To summarise, it is important to realise that every bit of optimisation matters. As Grace Hopper would say, Mind your nanoseconds!

3. Syntax

Let's now look at syntax. Hadley commented here:

Data tables are extremely fast but I think their concision makes it harder to learn and code that uses it is harder to read after you have written it ...

I find this remark pointless because it is very subjective. What we can perhaps try is to contrast consistency in syntax. We will compare data.table and dplyr syntax side-by-side.

We will work with the dummy data shown below:

DT = data.table(x=1:10, y=11:20, z=rep(1:2, each=5))
DF = as.data.frame(DT)
  1. Basic aggregation/update operations.

    # case (a)
    DT[, sum(y), by = z]                       ## data.table syntax
    DF %>% group_by(z) %>% summarise(sum(y)) ## dplyr syntax
    DT[, y := cumsum(y), by = z]
    ans <- DF %>% group_by(z) %>% mutate(y = cumsum(y))
    
    # case (b)
    DT[x > 2, sum(y), by = z]
    DF %>% filter(x>2) %>% group_by(z) %>% summarise(sum(y))
    DT[x > 2, y := cumsum(y), by = z]
    ans <- DF %>% group_by(z) %>% mutate(y = replace(y, which(x > 2), cumsum(y)))
    
    # case (c)
    DT[, if(any(x > 5L)) y[1L]-y[2L] else y[2L], by = z]
    DF %>% group_by(z) %>% summarise(if (any(x > 5L)) y[1L] - y[2L] else y[2L])
    DT[, if(any(x > 5L)) y[1L] - y[2L], by = z]
    DF %>% group_by(z) %>% filter(any(x > 5L)) %>% summarise(y[1L] - y[2L])
    • data.table syntax is compact and dplyr's quite verbose. Things are more or less equivalent in case (a).

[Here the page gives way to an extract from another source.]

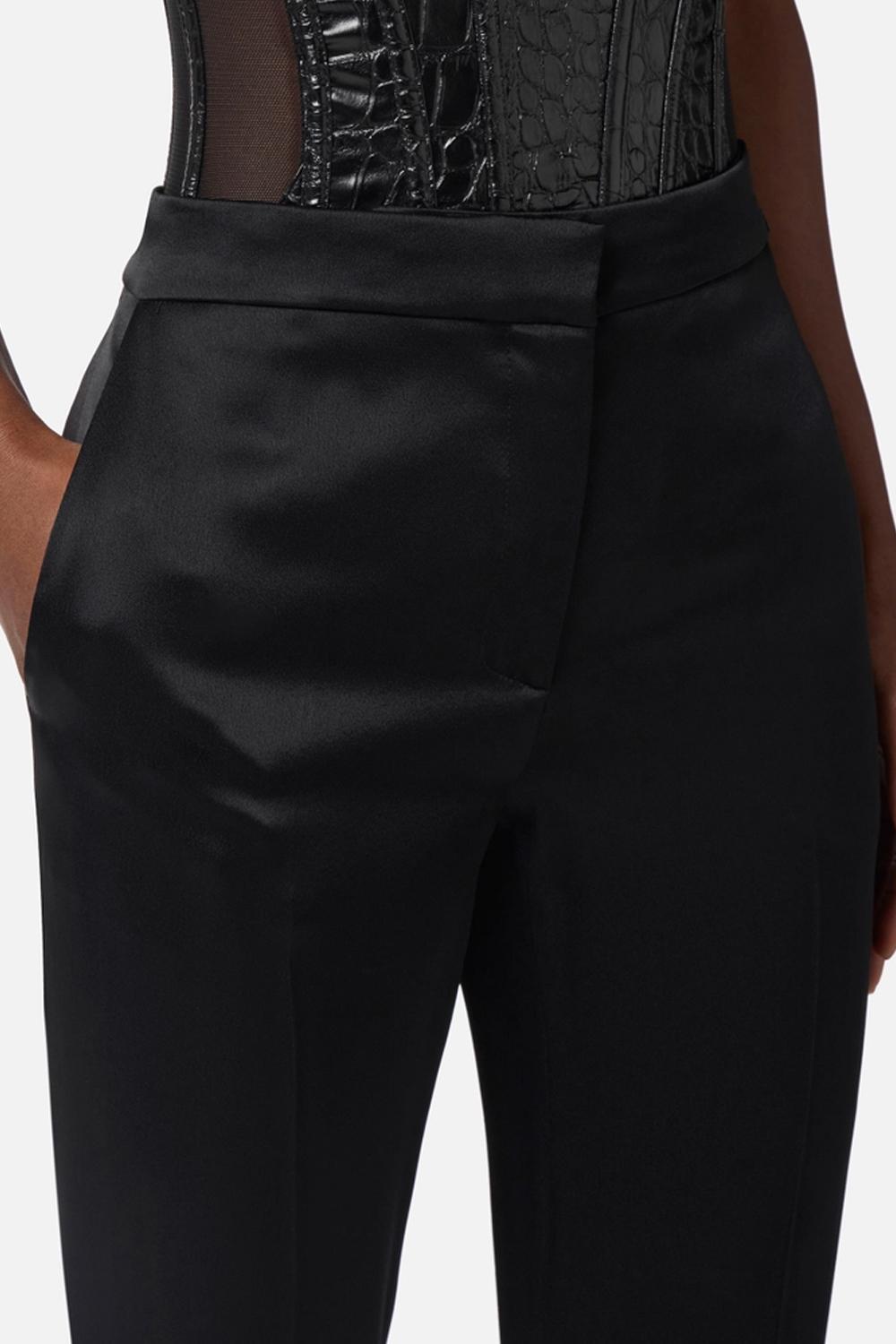 Pantaloni in Satin PA130 57E2110 Elisabetta Franchi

    • In case (b), we had to use filter() in dplyr while summarising. But while updating, we had to move the logic inside mutate(). In data.table however, we express both operations with the same logic - operate on rows where x > 2, but in first case, get sum(y), whereas in the second case update those rows for y with its cumulative sum.

      This is what we mean when we say the DT[i, j, by] form is consistent.

    • Similarly in case (c), when we have if-else condition, we are able to express the logic "as-is" in both data.table and dplyr. However, if we would like to return just those rows where the if condition satisfies and skip otherwise, we cannot use summarise() directly (AFAICT). We have to filter() first and then summarise because summarise() always expects a single value.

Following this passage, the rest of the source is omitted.